__WHAT THE TASK ASKS__
Print every record exactly as it appears. Leave the pictures out.

__DATA SUPPLIED__
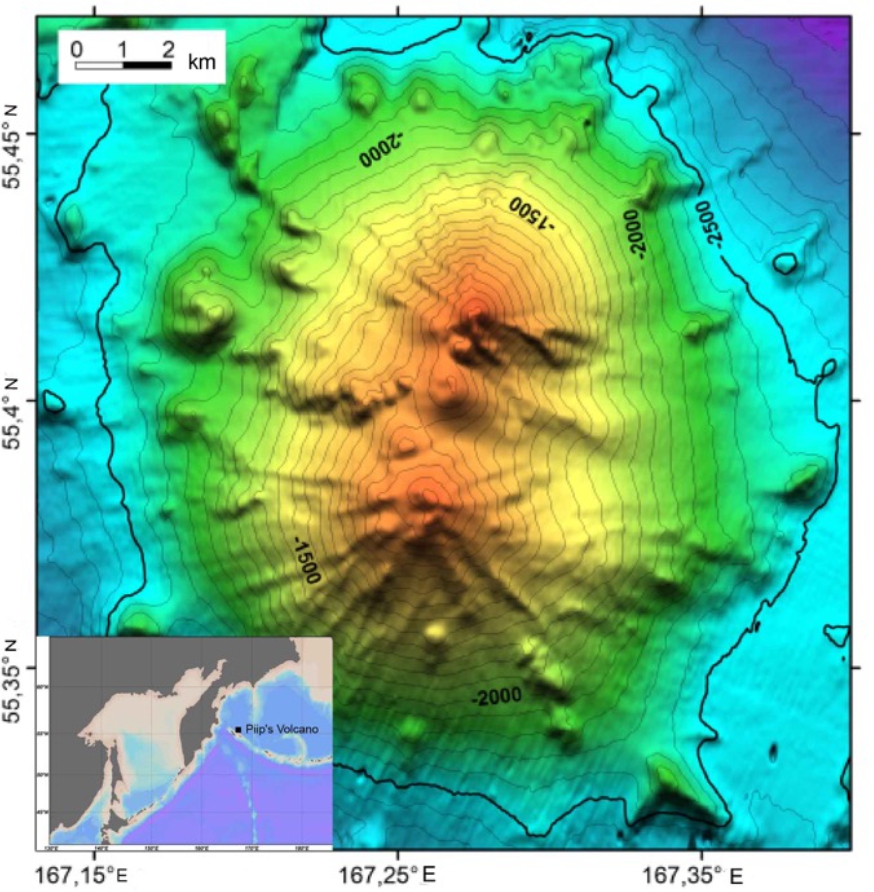 075 15 2020 796 fig 01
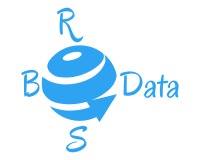 Digital Marketing Company
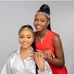 Destiny daniel - Facebook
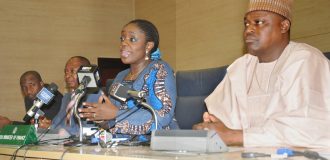 Civil servants’ April salary may be delayed as FAAC rejects NNPC revenue figures again Civil servants’ April salary may be delayed as FAAC rejects NNPC revenue figures again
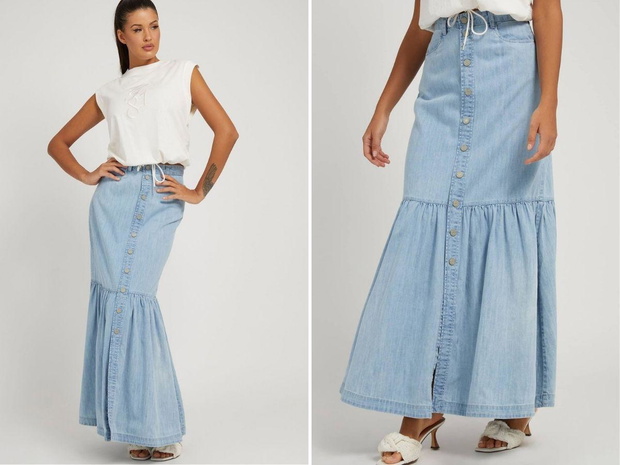 dlugie-spodnice-na-lato-2022-spodnica-jeansowa-guess-2485797-7aed314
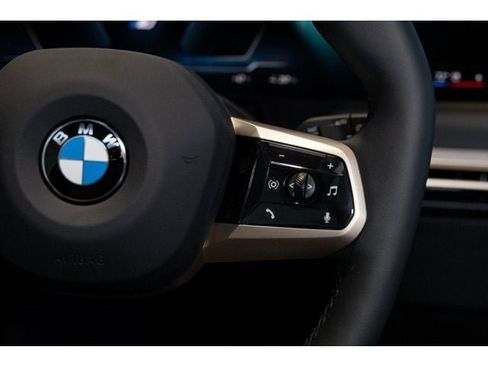 New 2026 BMW iX xDrive45 w/ Premium Package image 67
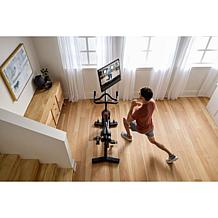NordicTrack S24 Bike
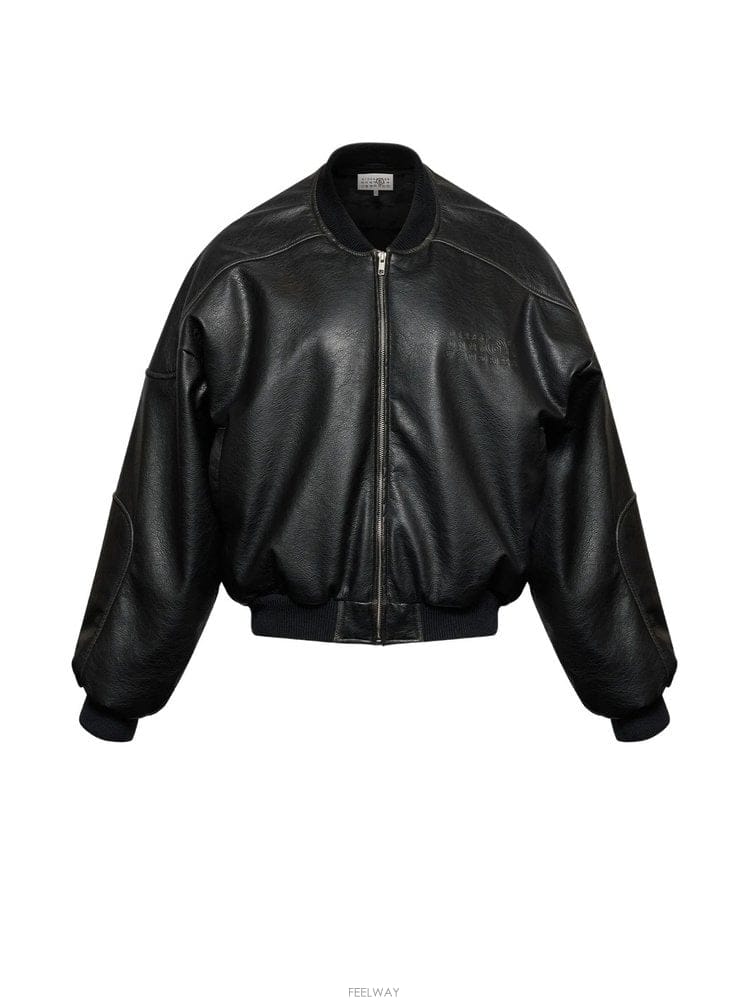 Maison Margiela MM6 ���� ���������� ���������� ����ũ ���� ���� ���� S52AM B0302318176MM6 ���� ���������� ���������� ����ũ ���� ���� ���� S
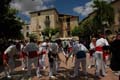 FIESTA2011_6430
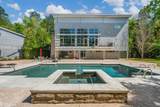 311 Double Churches Road - Photo 2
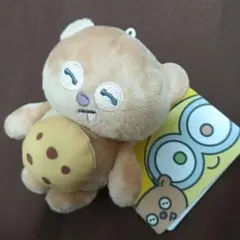 【タイムセール】ミニオン　マスコット　ボブ&ティム　SWEET ティム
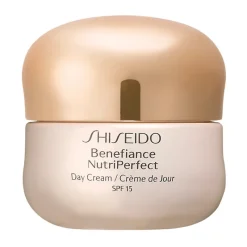 Discount Benefiance Nutriperfect Cream Jour 50 ml Karité|Miscelas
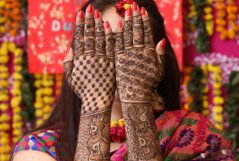 indian-5117279_1280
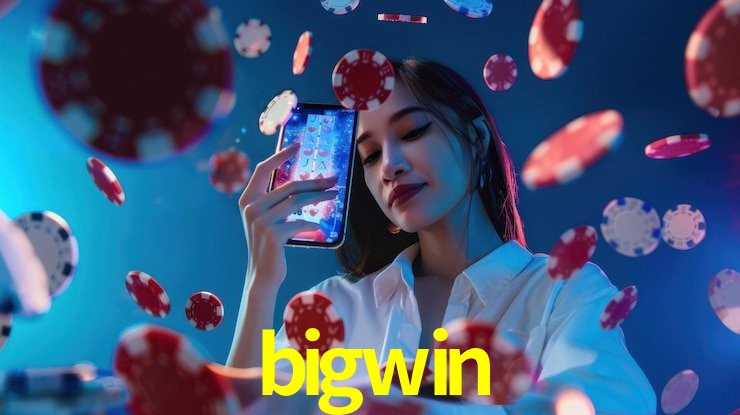 A Experiência Imersiva dos Cassinos Ao Vivo no bigwin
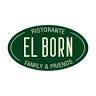 Ristorante El Born Family & Friends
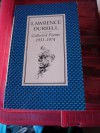 Collected Poems 1931-1974 - Lawrence Durrell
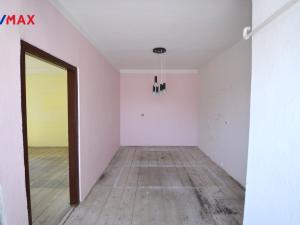 Prodej obchodního prostoru, Litovel, Dukelská, 105 m2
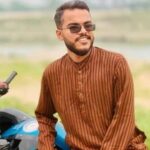Student wing leaders expelled in Mymensingh following violent attack on veterinarian over extortion demand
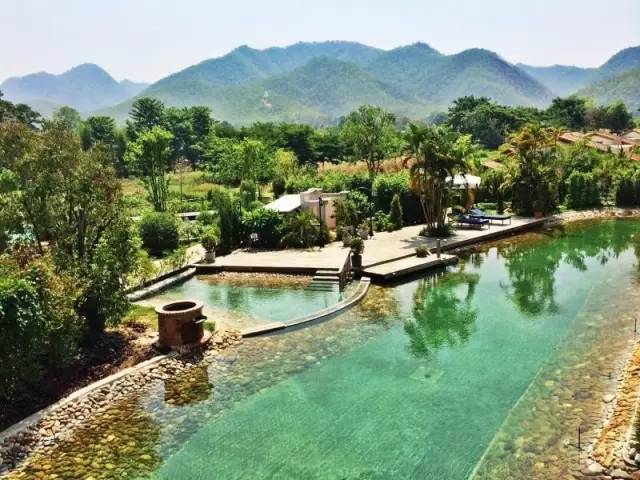 agoda预定日本胶囊酒店,agoda怎么搜索自己想住的酒店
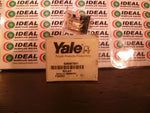  YALE RELAY Image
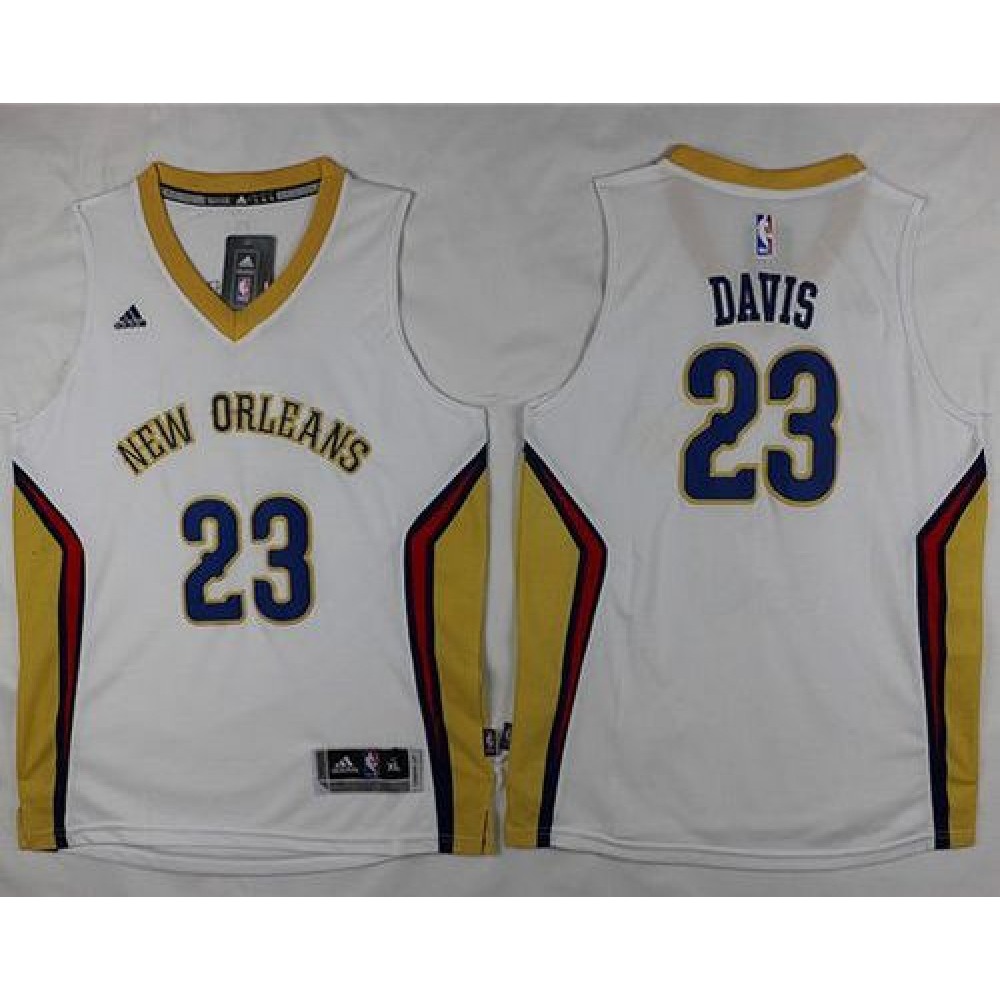 Pelicans_23_Anthony_Davis_White_Stitched_Youth_NBA_Jersey_OWDhrVjQC.jpg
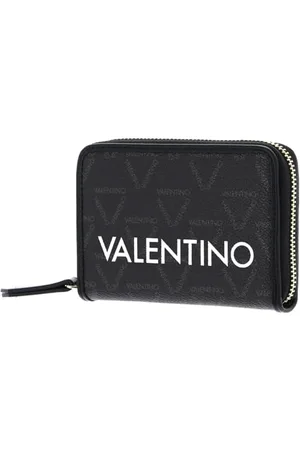 VALENTINO LIUTO One Size Women, , One Size, Modern, , Taille Unique, Modern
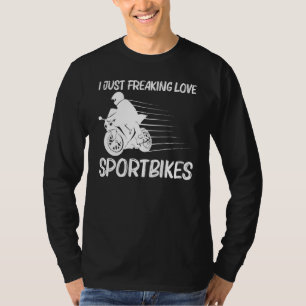 Camiseta Legal Esportes Para Mulheres Profissionais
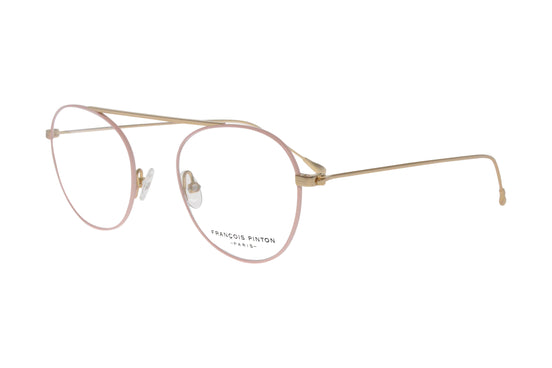 Air 4 Py - Francois Pinton Eyeglasses image 1
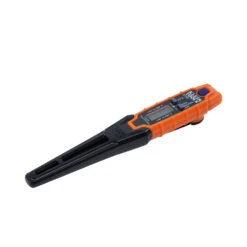 KLEIN Tools A-ET05 Digital Pocket Thermometer -Tools Discounts et05 alt1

__WRITTEN REPLY__
 075 15 2020 796 fig 01
 Digital Marketing Company
 Destiny daniel - Facebook
 Civil servants’ April salary may be delayed as FAAC rejects NNPC revenue figures again Civil servants’ April salary may be delayed as FAAC rejects NNPC revenue figures again
 dlugie-spodnice-na-lato-2022-spodnica-jeansowa-guess-2485797-7aed314
 New 2026 BMW iX xDrive45 w/ Premium Package image 67
NordicTrack S24 Bike
 Maison Margiela MM6 ���� ���������� ���������� ����ũ ���� ���� ���� S52AM B0302318176MM6 ���� ���������� ���������� ����ũ ���� ���� ���� S
 FIESTA2011_6430
 311 Double Churches Road - Photo 2
 【タイムセール】ミニオン　マスコット　ボブ&ティム　SWEET ティム
 Discount Benefiance Nutriperfect Cream Jour 50 ml Karité|Miscelas
 indian-5117279_1280
 A Experiência Imersiva dos Cassinos Ao Vivo no bigwin
 Ristorante El Born Family & Friends
 Collected Poems 1931-1974 - Lawrence Durrell
 Prodej obchodního prostoru, Litovel, Dukelská, 105 m2
Student wing leaders expelled in Mymensingh following violent attack on veterinarian over extortion demand
 agoda预定日本胶囊酒店,agoda怎么搜索自己想住的酒店
  YALE RELAY Image
 Pelicans_23_Anthony_Davis_White_Stitched_Youth_NBA_Jersey_OWDhrVjQC.jpg
 VALENTINO LIUTO One Size Women, , One Size, Modern, , Taille Unique, Modern
 Camiseta Legal Esportes Para Mulheres Profissionais
 Air 4 Py - Francois Pinton Eyeglasses image 1
 KLEIN Tools A-ET05 Digital Pocket Thermometer -Tools Discounts et05 alt1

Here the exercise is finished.